Data for this task -
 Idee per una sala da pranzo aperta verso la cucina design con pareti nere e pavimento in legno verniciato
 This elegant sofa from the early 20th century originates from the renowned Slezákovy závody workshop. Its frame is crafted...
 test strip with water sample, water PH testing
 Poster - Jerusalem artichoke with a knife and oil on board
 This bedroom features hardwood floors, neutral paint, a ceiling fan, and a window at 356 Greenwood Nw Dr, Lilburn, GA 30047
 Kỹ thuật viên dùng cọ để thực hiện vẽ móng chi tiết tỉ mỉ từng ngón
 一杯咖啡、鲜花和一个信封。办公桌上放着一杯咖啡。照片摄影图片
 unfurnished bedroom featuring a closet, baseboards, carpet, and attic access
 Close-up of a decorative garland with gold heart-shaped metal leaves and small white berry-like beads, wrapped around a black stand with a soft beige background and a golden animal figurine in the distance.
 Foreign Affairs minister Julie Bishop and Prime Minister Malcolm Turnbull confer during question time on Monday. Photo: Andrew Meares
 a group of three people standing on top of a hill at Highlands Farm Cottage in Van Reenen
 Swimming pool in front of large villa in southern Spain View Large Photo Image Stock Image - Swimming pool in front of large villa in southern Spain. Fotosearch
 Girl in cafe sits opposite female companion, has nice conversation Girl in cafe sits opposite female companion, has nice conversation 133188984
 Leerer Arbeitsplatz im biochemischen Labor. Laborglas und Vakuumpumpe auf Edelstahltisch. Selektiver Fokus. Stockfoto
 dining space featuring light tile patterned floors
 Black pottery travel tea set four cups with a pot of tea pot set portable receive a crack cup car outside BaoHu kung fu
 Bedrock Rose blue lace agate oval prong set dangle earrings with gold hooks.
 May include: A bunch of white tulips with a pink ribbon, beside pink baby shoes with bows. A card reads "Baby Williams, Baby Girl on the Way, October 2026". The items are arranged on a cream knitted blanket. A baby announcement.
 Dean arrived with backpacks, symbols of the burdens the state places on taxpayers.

Work required - Above are records; say how many of their lines contain the word "white", giving only the number.

Exercise solution - 2